= WHAT THE TASK ASKS =
Without the images, print every line of the material below exactly as given.

= DATASET RECORDS =

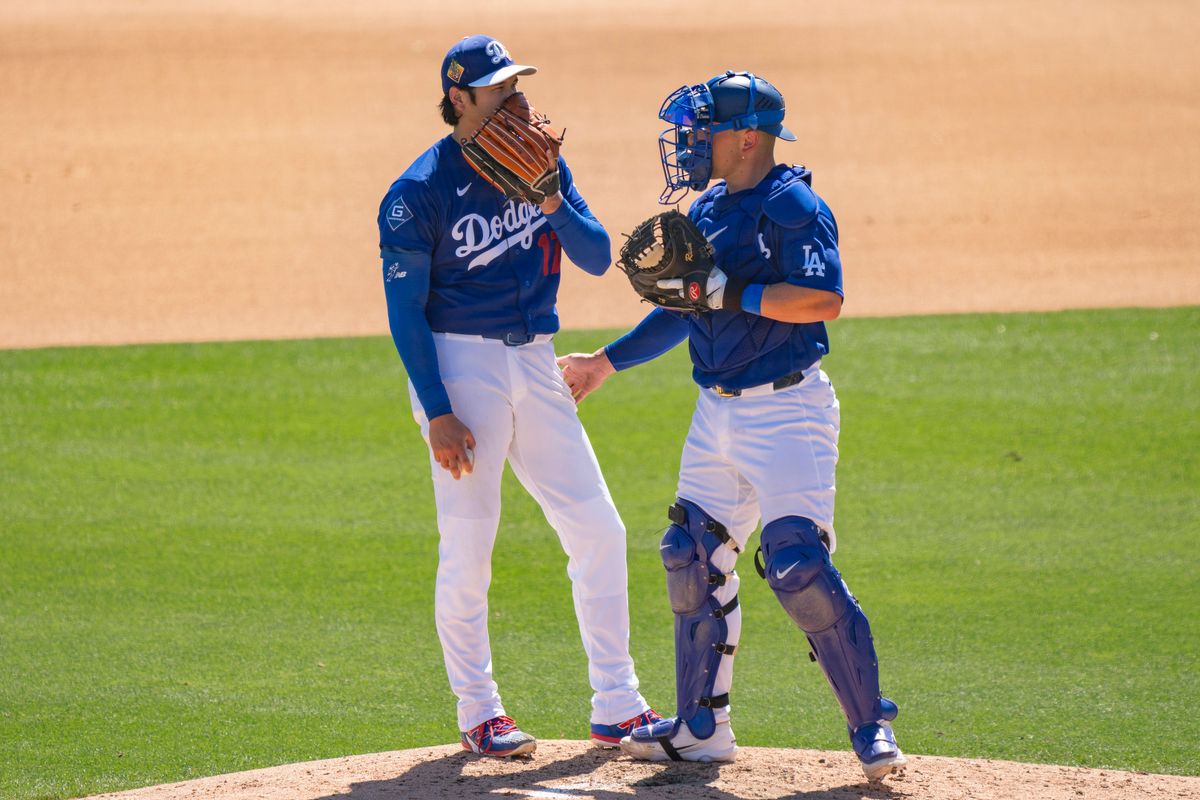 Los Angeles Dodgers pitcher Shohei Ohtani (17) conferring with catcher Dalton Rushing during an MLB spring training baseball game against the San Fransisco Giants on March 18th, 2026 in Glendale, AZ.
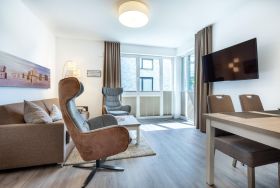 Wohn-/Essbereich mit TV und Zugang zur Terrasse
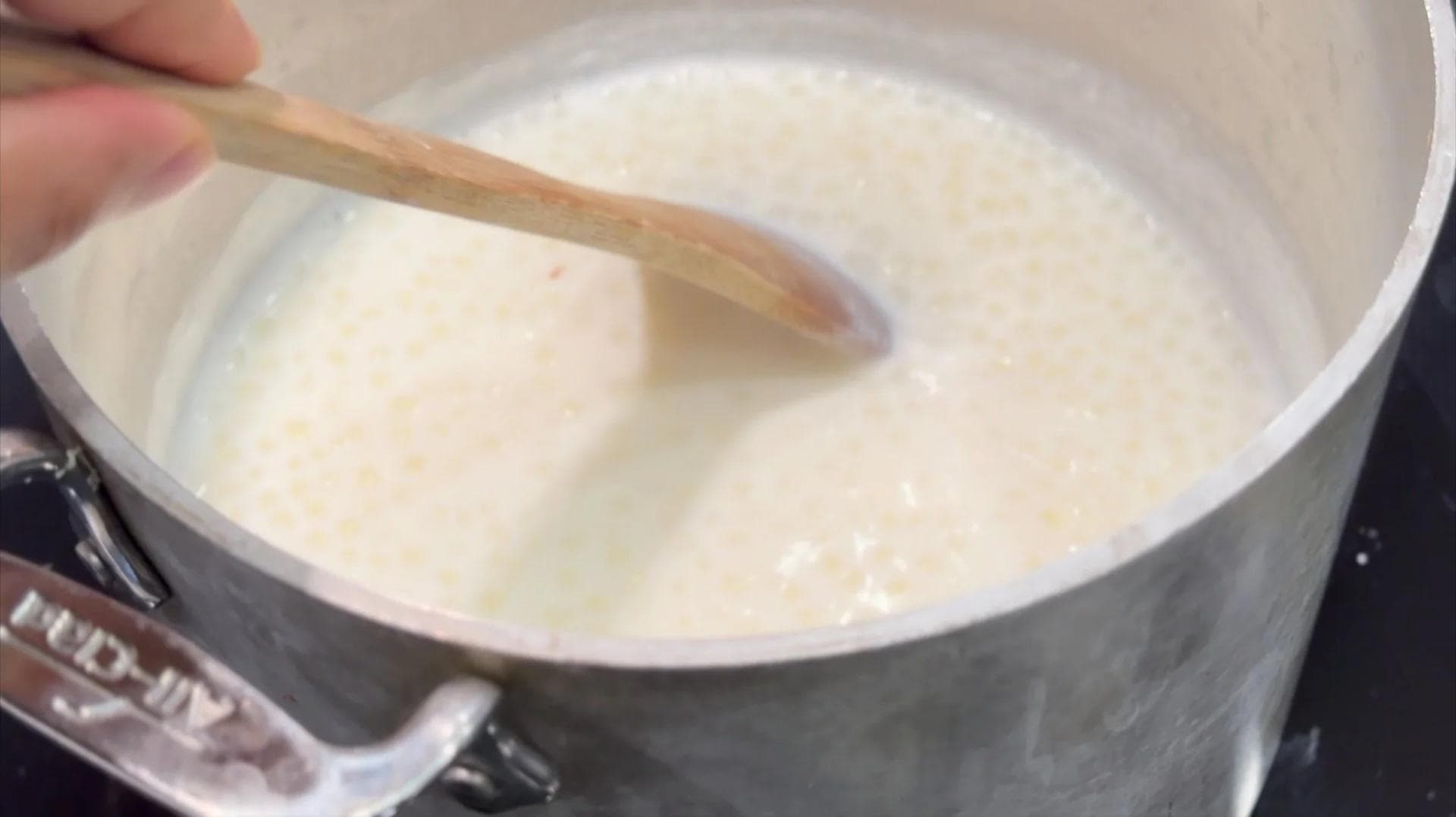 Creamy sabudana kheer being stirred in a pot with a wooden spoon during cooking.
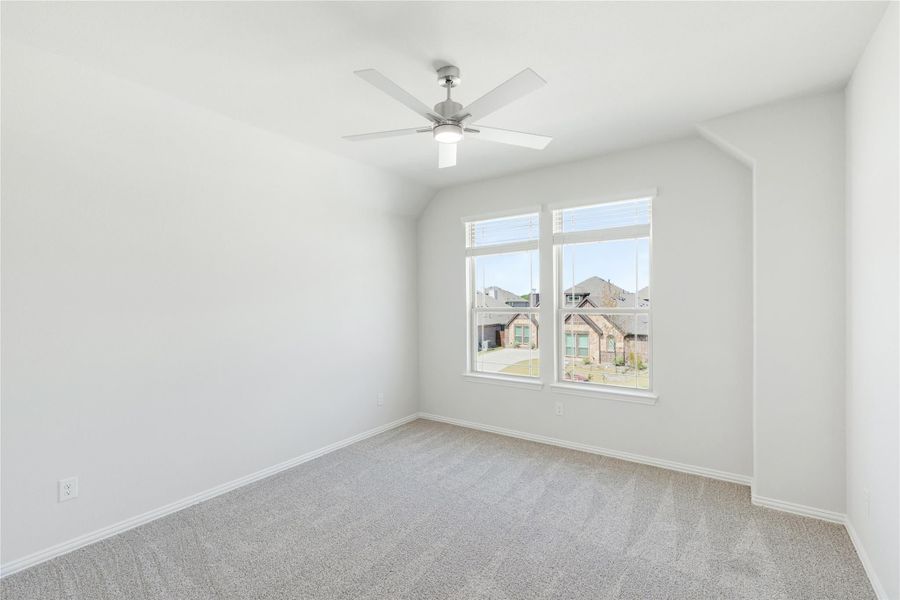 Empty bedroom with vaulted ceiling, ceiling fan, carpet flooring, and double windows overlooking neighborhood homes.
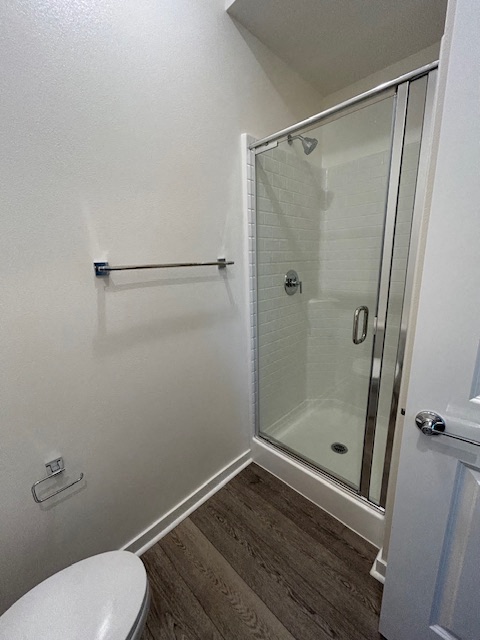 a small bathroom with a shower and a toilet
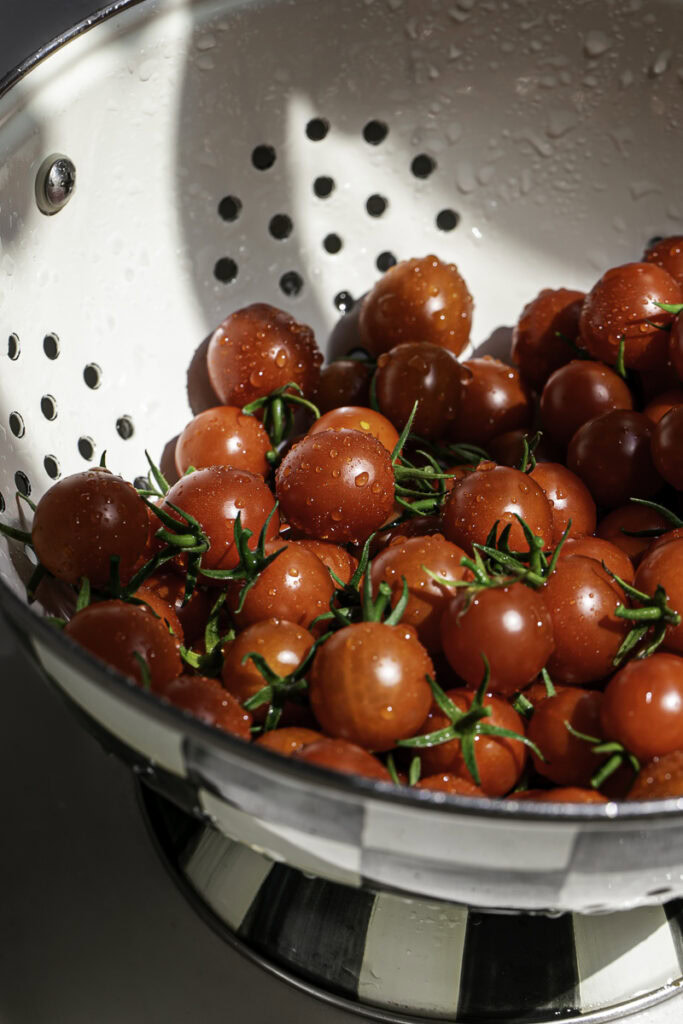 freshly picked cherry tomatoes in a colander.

= RESPONSE TO THIS TASK =
 Los Angeles Dodgers pitcher Shohei Ohtani (17) conferring with catcher Dalton Rushing during an MLB spring training baseball game against the San Fransisco Giants on March 18th, 2026 in Glendale, AZ.
 Wohn-/Essbereich mit TV und Zugang zur Terrasse
 Creamy sabudana kheer being stirred in a pot with a wooden spoon during cooking.
 Empty bedroom with vaulted ceiling, ceiling fan, carpet flooring, and double windows overlooking neighborhood homes.
 a small bathroom with a shower and a toilet
 freshly picked cherry tomatoes in a colander.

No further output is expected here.